[Freeswitch-users] Hung Channels (SVN Rev 10231)

Mathieu Rene mrene_lists at avgs.ca
Thu Mar 5 14:55:33 PST 2009


HI,

If you suspect a bug, the place to report it is JIRA. See: http://wiki.freeswitch.org/wiki/Reporting_Bugs 
.
This gives the whole team a way of following up on issues.

Also can you upgrade to svn trunk?
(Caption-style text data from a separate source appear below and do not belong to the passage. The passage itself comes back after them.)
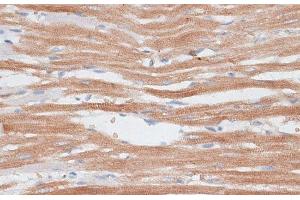 Immunohistochemistry of paraffin-embedded Rat heart using KATNA1 Polyclonal Antibody at dilution of 1:100 (40x lens). (KATNA1 抗体)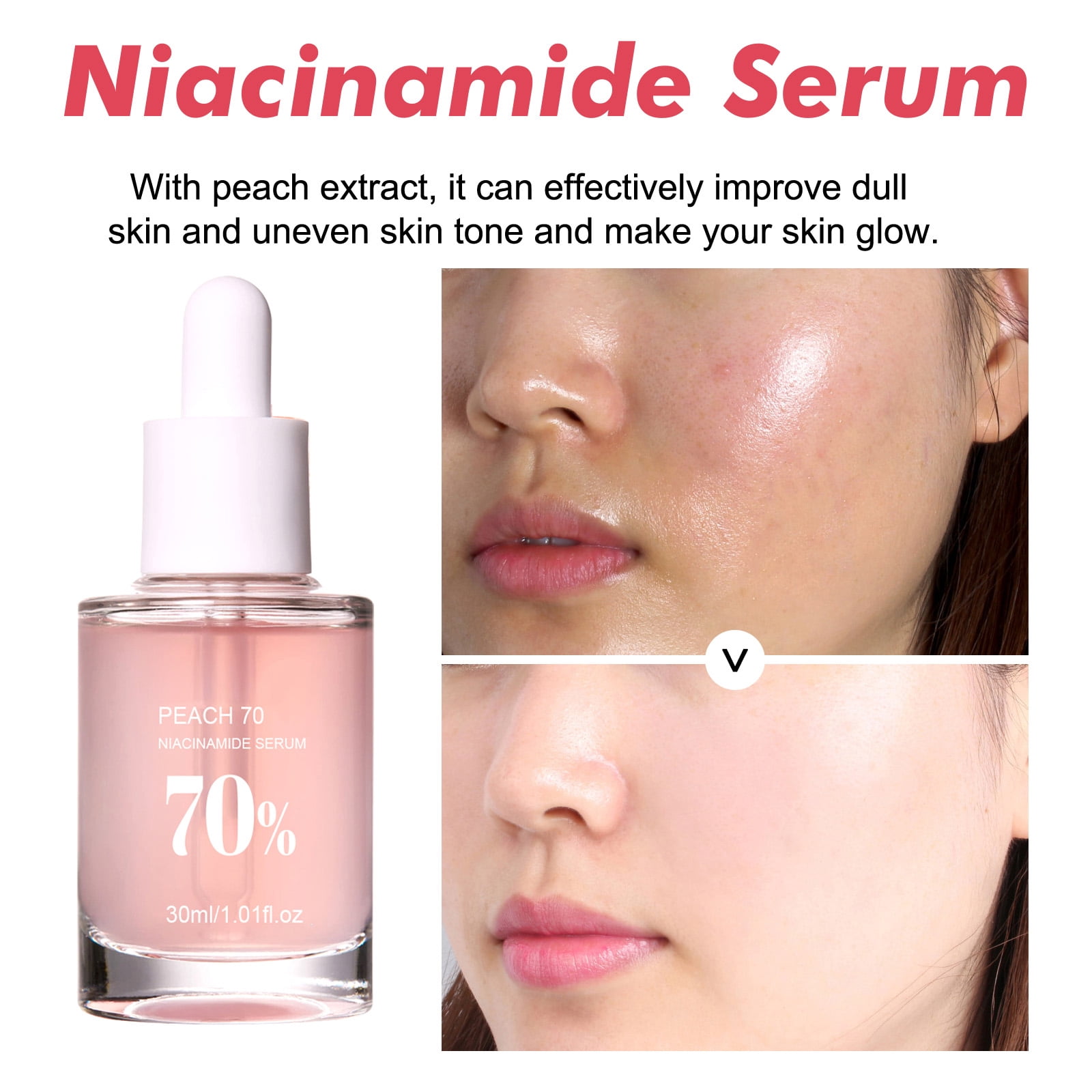 Alvantor Peach 70 Niacinamide Face Serum, Pore Minimizer Dark Spot Corrector Brightening Hydrating Treatment, 1.01fl.oz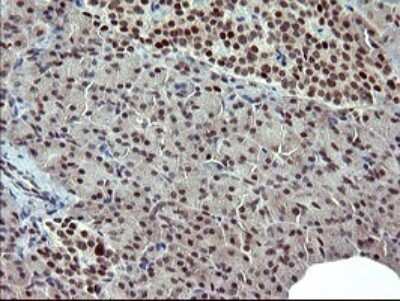 Immunohistochemistry: GRF2 Antibody (OTI2F5) [NBP2-45515]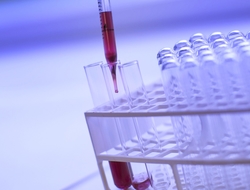 test tubes test tubes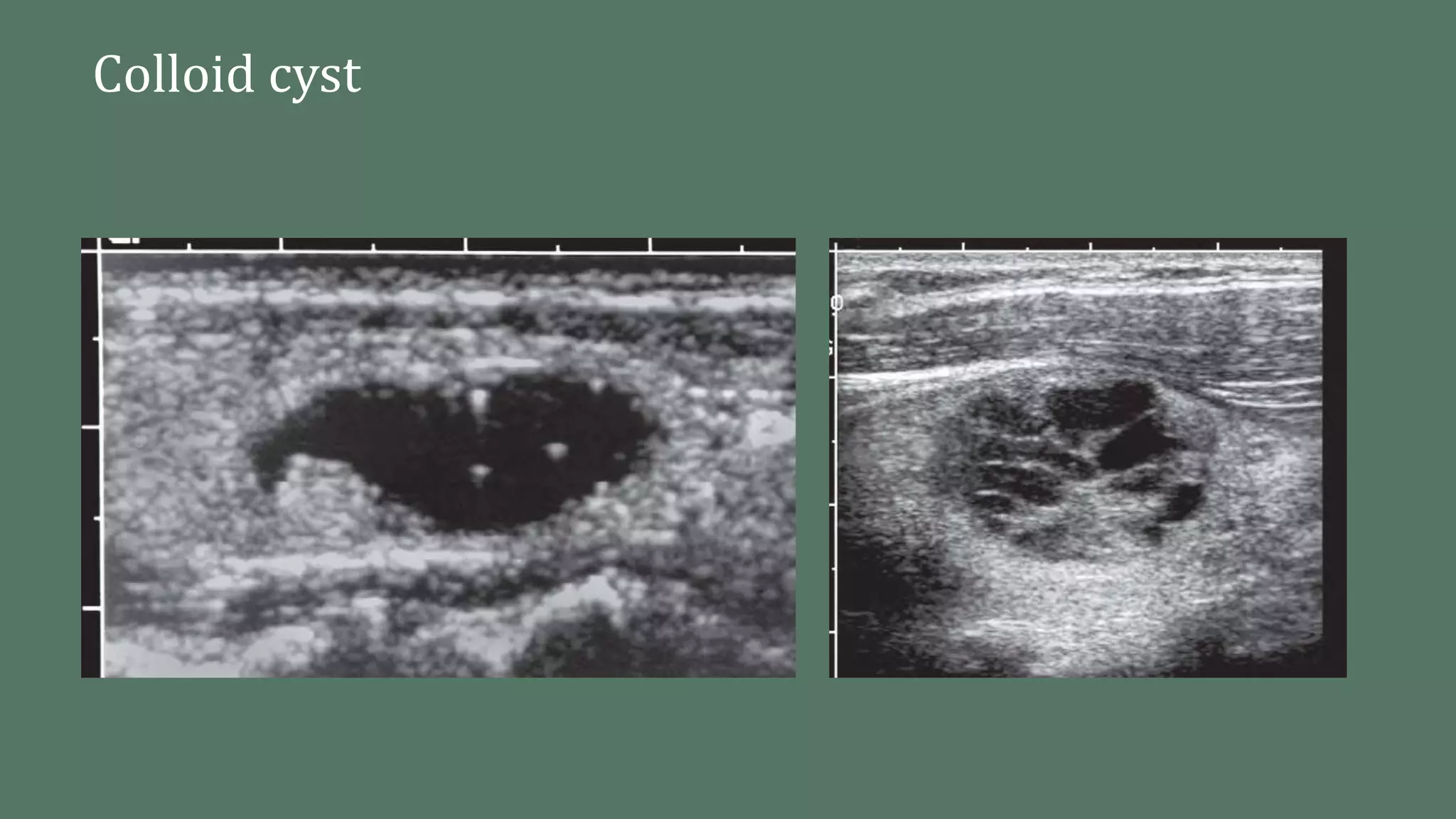 Imaging of thyroid | PPTX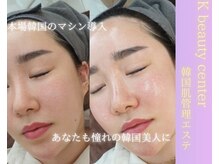 ケイビューティーセンター(K beauty center)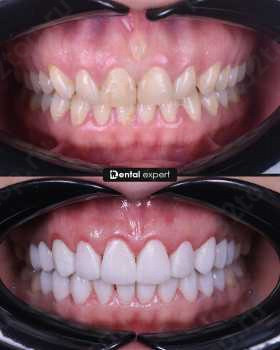 Стоматологическая клиника DENTAL EXPERT (ДЕНТАЛ ЭКСПЕРТ)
A lot of fixes gets committed  
daily, so its good to stay up to date.

As you seem familiar with GDB, you may symlink the .gdbinit file in  
the support-d/ folder to your home directory.
This will give you some FS-specific macros such as "list_sessions"  
which will dump a list of uuids to session pointers.

In your jira, make sure you include "thread apply all bt",  
"list_sessions" and show channels (this one goes in FS) but PLEASE  
update to svn trunk and test again to see if it still happens.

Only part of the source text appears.